(Crawled caption data)
══════
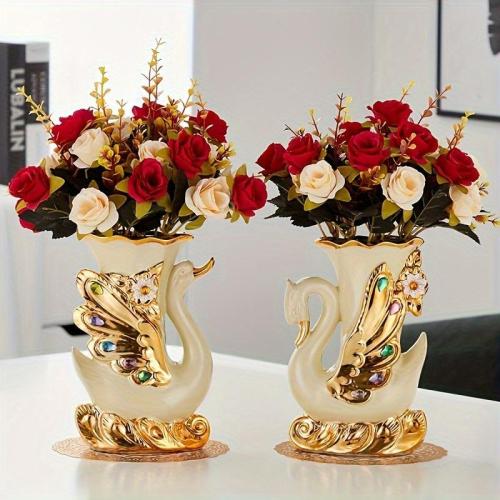 2pcs Ceramic Elegant Swan Vase Centerpieces, Vintage Style Cylindrical Home Decor, No Power Required, Battery-Free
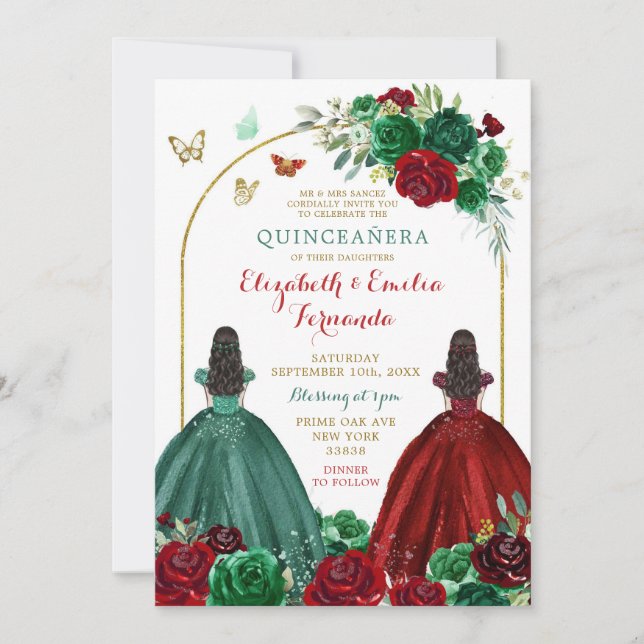 Convite Gêmeas Irmãs Caçam Rosa vermelha Verde Quinceañera (Frente)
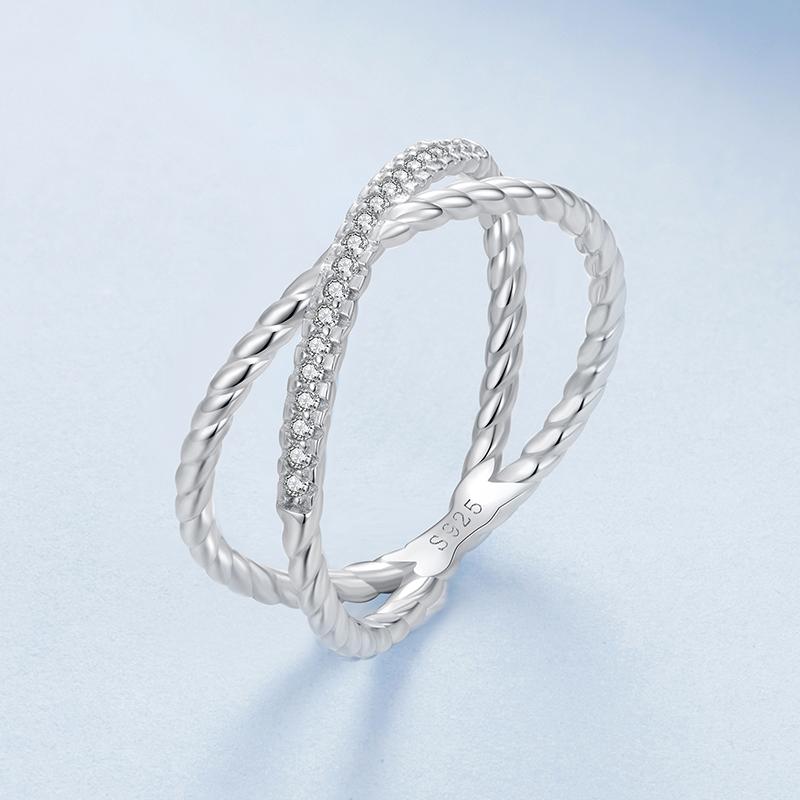 BAMOER 14K Gold Plated X Ring Simulated Diamond CZ Criss Cross Ring for Women, 925 Sterling Silver Eternity Wedding Band Ring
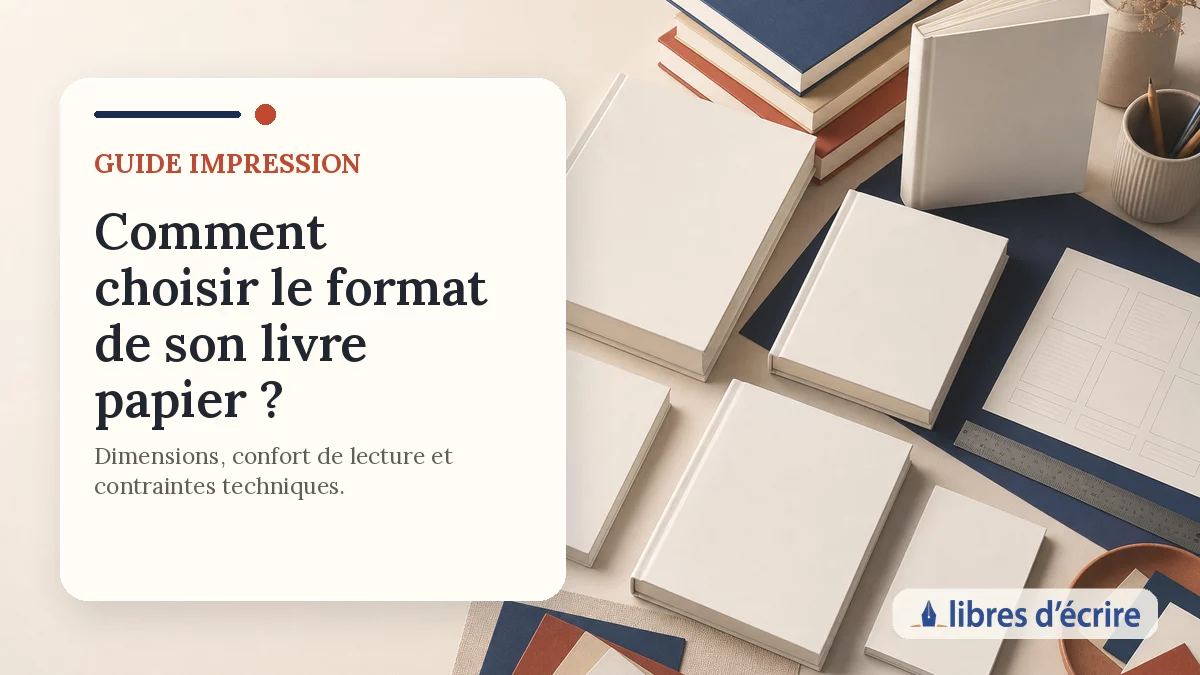 Illustration de formats de livres papier avec règle et maquettes de couverture
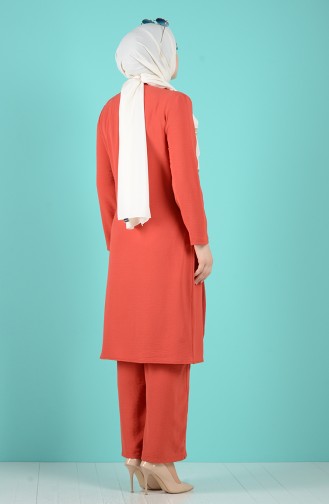 Plus Size Belted Tunic Trousers Double Suit 1505-04 Coral 1505-04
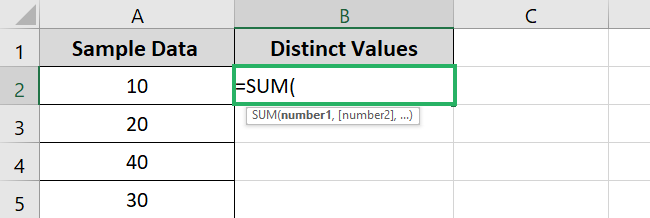 Entering the SUM function 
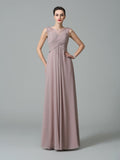 A-Line/Princess Scoop Ruched Sleeveless Long Chiffon Bridesmaid Dresses TPP0005442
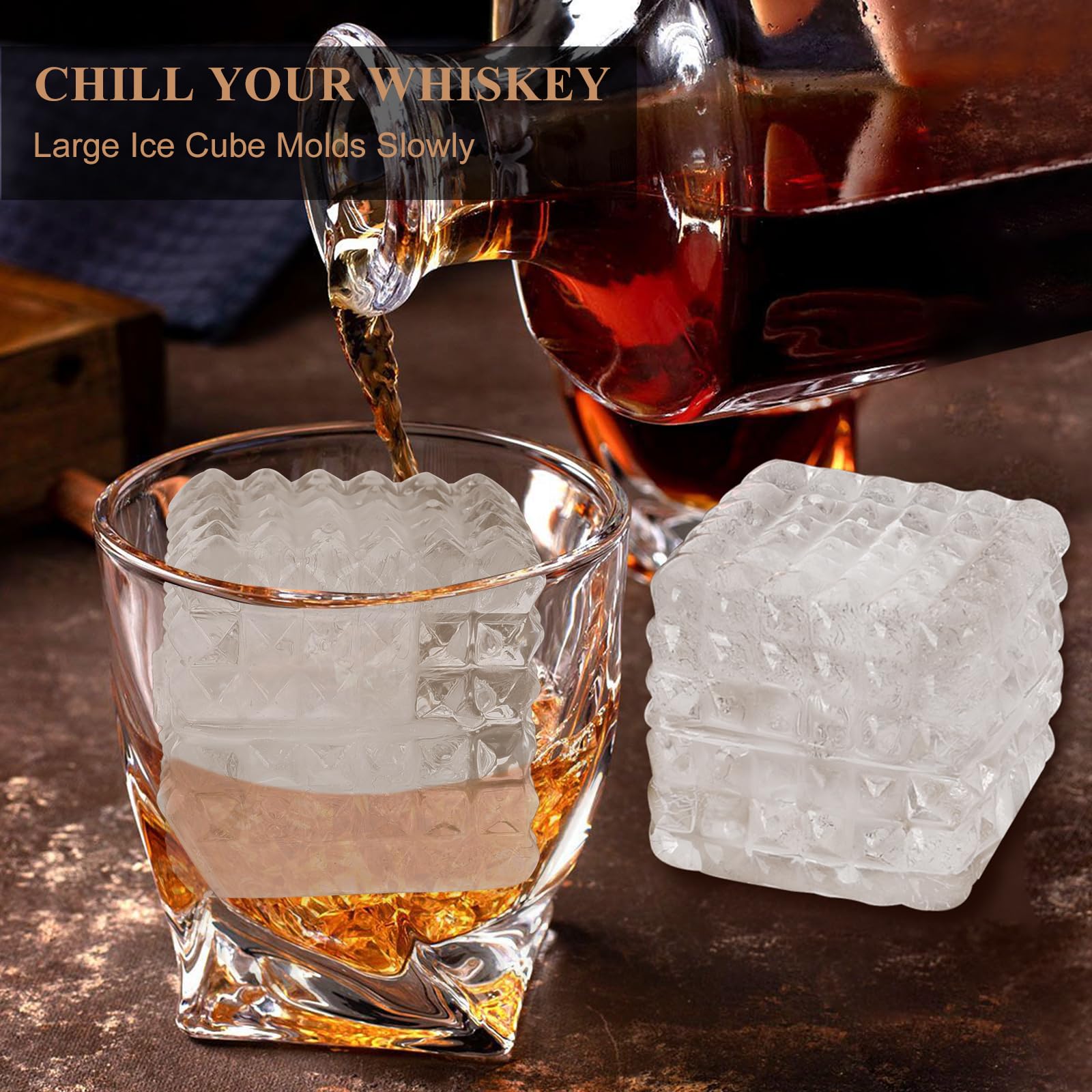 Aibirui bourbon ice cubes with diamond texture add a touch of elegance to cocktails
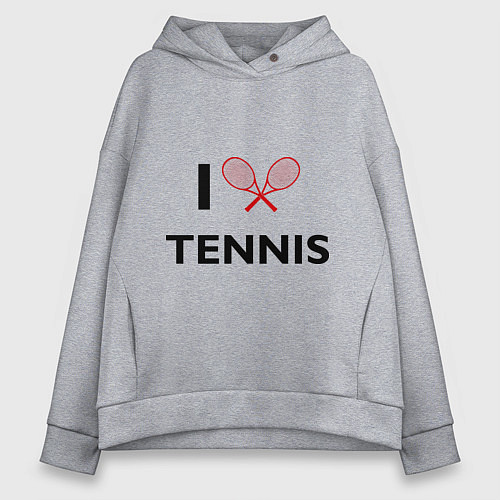 Женское худи оверсайз I Love Tennis / Меланж – фото 1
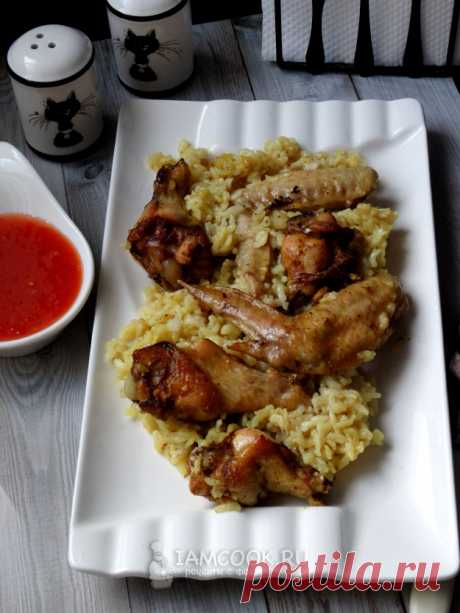 Курица с рисом в рукаве в духовке — рецепт с фото пошагово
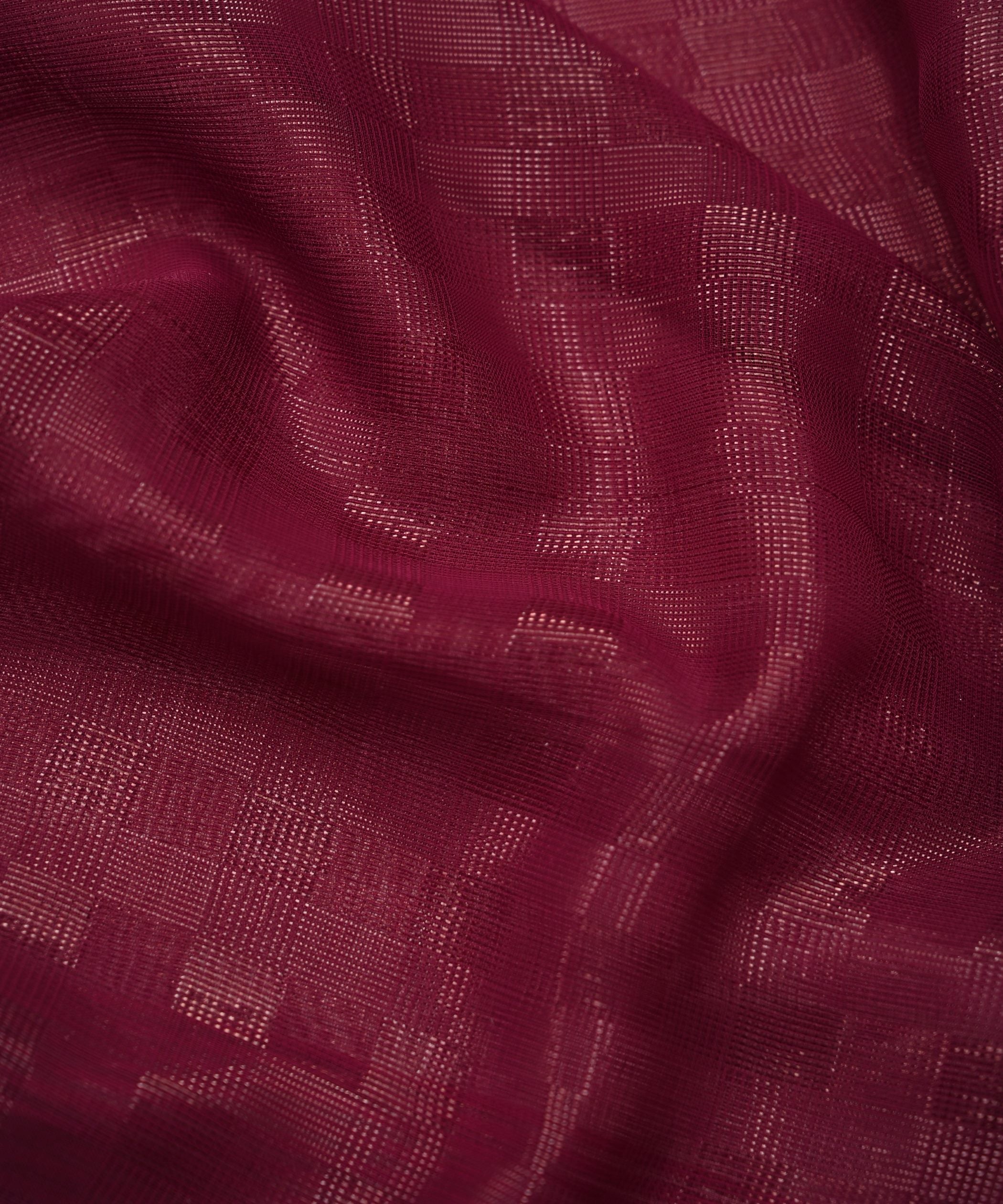 Wine Georgette Fabric with Zari Stripes and Satin Border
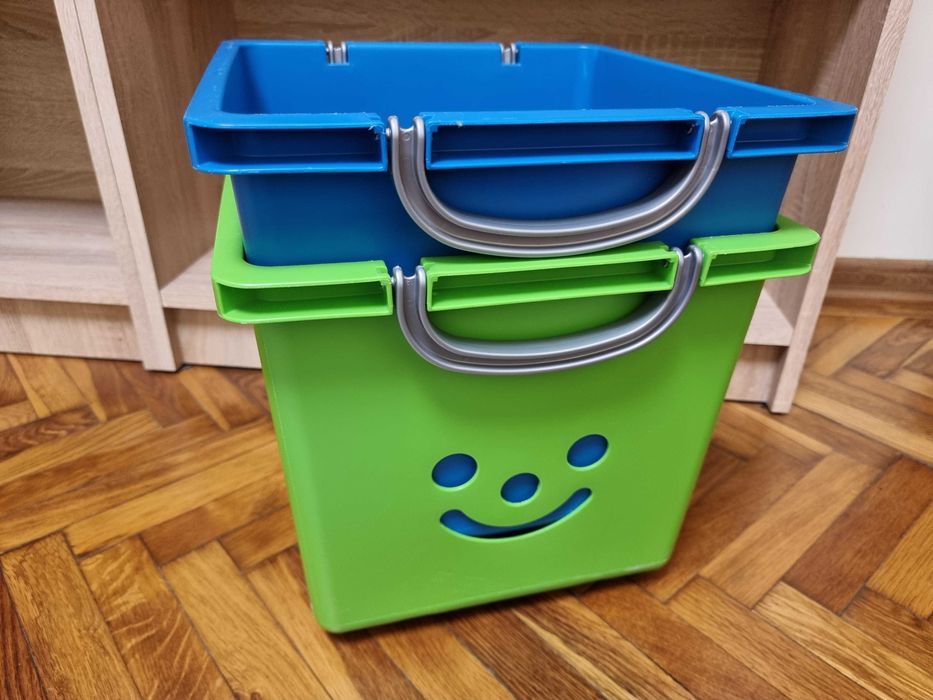 Set 2 organizatoare cu 4 roti, cutii jucarii mari, cos camera copii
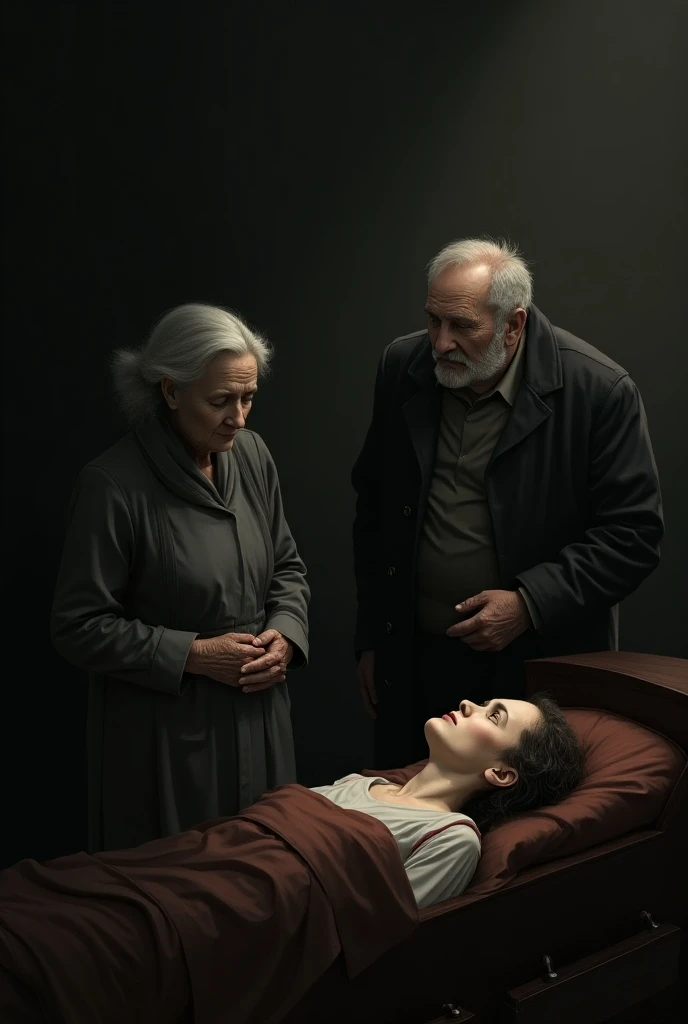 old man and woman seeing a woman in a coffin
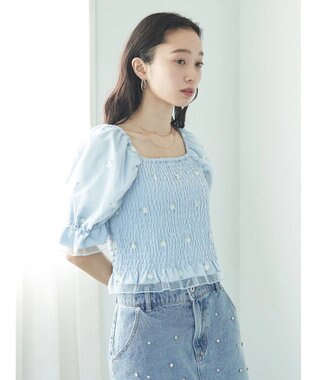 earth music&ecology フラワー刺繍ブラウス Blue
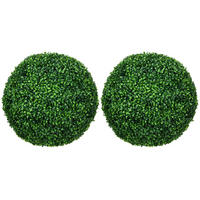 KUNSTPFLANZEN 50/50/50 cm grün aus Kunststoff 2er-Set für Innen und Außen - Grün, Kunststoff (50cm) - OKWISH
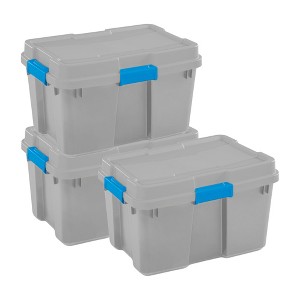 Sterilite 30 Gal Gasket Tote Heavy Duty Stackable Storage Bin with Lid, 3 Pack - 1 of 4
══════
Above are the records; copy from them only the lines starting at the one containing "A-Line/Princess Scoop Ruched" and ending at the one containing "Женское худи оверсайз", exactly and without pictures.

 A-Line/Princess Scoop Ruched Sleeveless Long Chiffon Bridesmaid Dresses TPP0005442
 Aibirui bourbon ice cubes with diamond texture add a touch of elegance to cocktails
 Женское худи оверсайз I Love Tennis / Меланж – фото 1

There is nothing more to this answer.